### [Required action]
Every line from the one with "Süper Zengin İç" to the end of the listing below must be printed exactly, with no other text and no pictures.

### [Input]
"""

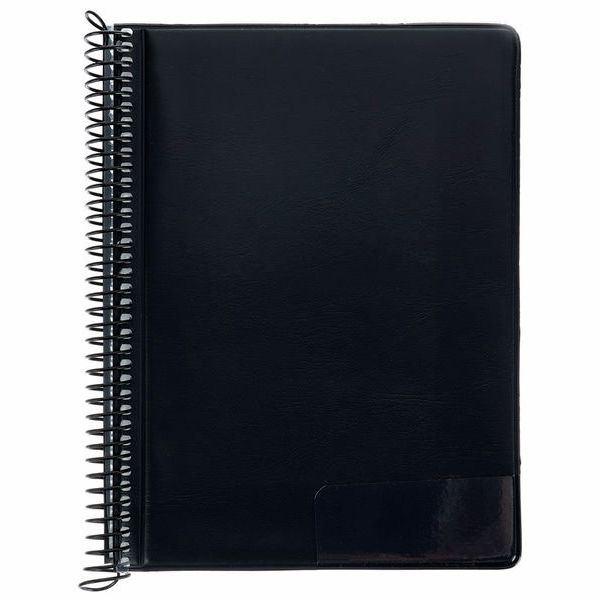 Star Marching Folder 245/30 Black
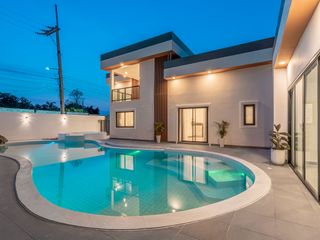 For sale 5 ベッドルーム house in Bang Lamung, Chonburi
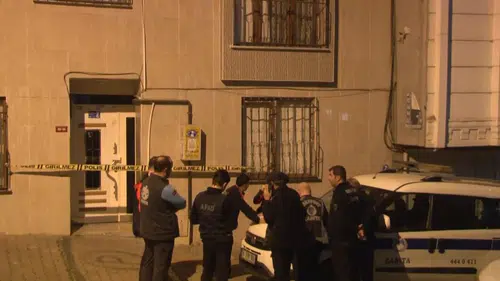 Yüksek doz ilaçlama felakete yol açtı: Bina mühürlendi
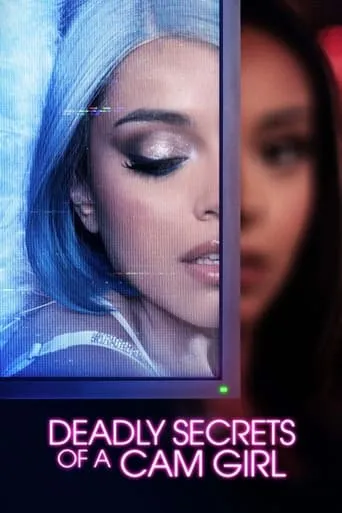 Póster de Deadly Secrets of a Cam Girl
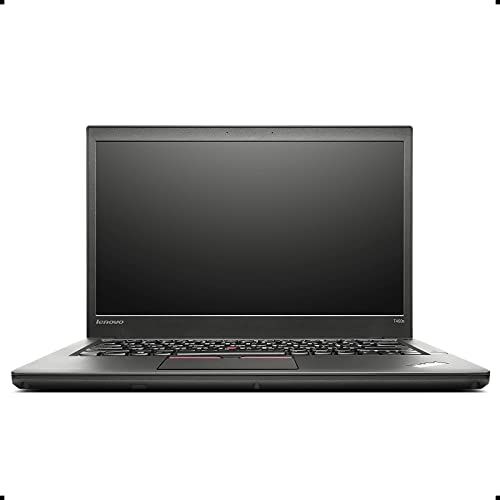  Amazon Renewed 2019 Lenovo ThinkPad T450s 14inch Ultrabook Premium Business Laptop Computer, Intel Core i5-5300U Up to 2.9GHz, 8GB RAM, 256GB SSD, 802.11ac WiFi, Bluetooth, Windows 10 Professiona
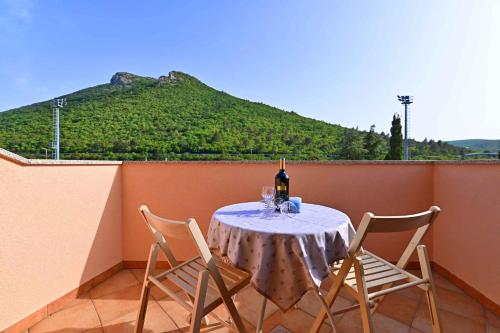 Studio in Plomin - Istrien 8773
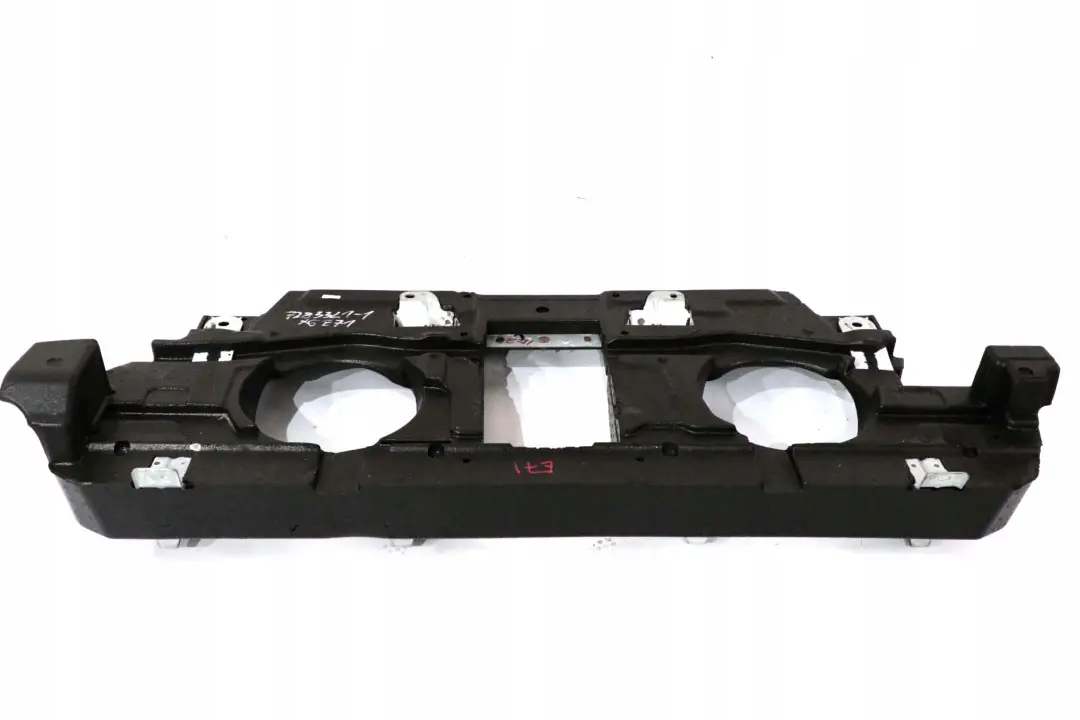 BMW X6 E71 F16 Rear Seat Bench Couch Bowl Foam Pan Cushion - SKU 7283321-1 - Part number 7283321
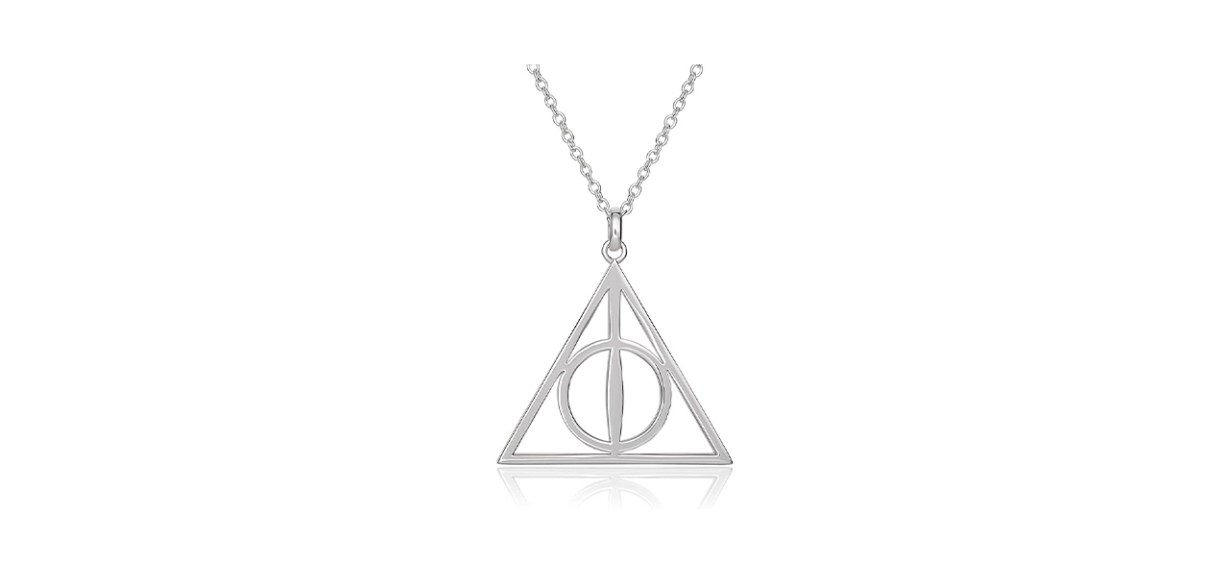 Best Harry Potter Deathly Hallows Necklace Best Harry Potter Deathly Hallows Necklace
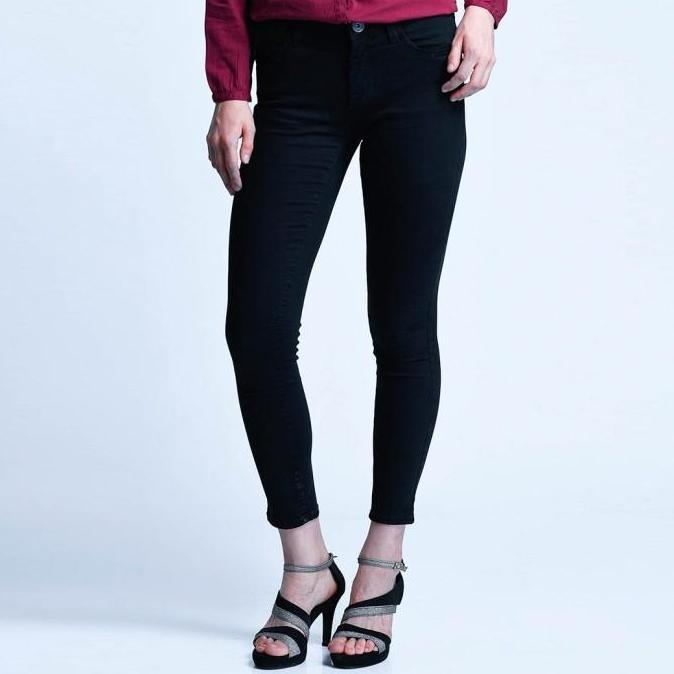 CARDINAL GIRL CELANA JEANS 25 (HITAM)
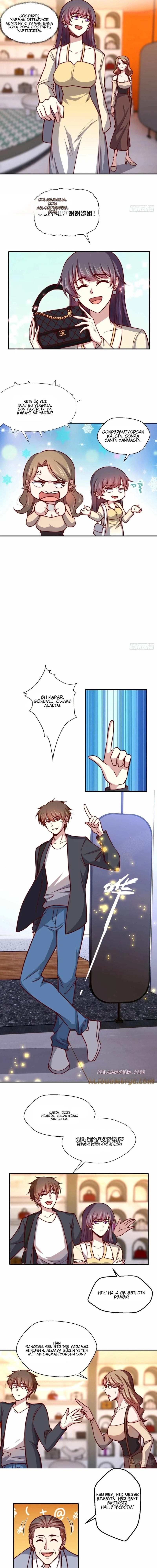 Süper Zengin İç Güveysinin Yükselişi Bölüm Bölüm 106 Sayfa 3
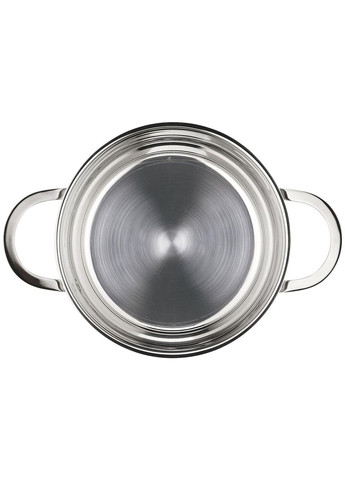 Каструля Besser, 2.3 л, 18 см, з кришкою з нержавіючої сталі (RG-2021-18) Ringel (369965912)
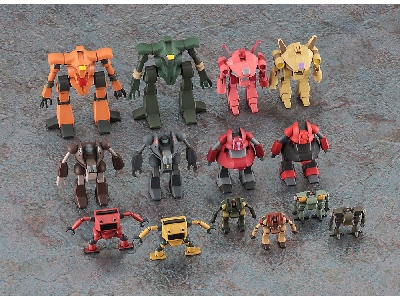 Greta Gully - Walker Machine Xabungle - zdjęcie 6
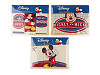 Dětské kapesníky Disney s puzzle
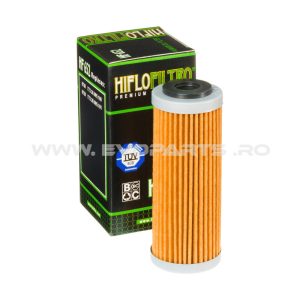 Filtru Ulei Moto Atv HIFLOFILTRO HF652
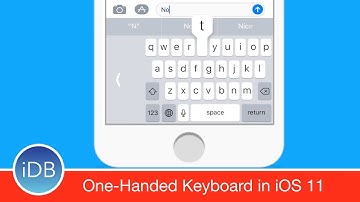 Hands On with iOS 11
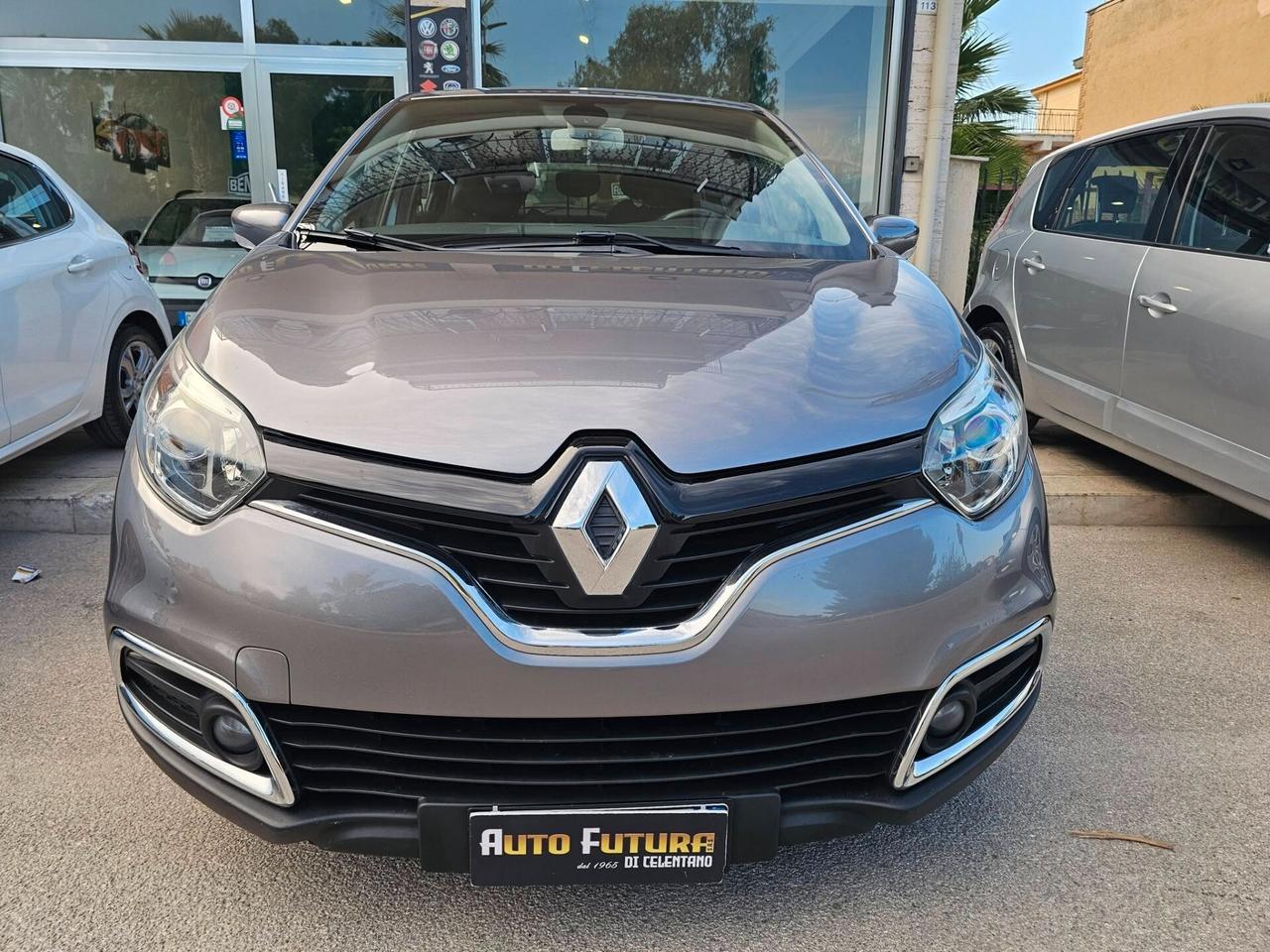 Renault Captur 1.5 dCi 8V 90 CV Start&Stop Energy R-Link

"""

### [Exercise result]
 Süper Zengin İç Güveysinin Yükselişi Bölüm Bölüm 106 Sayfa 3
 Каструля Besser, 2.3 л, 18 см, з кришкою з нержавіючої сталі (RG-2021-18) Ringel (369965912)
 Greta Gully - Walker Machine Xabungle - zdjęcie 6
 Dětské kapesníky Disney s puzzle
 Filtru Ulei Moto Atv HIFLOFILTRO HF652
 Hands On with iOS 11
 Renault Captur 1.5 dCi 8V 90 CV Start&Stop Energy R-Link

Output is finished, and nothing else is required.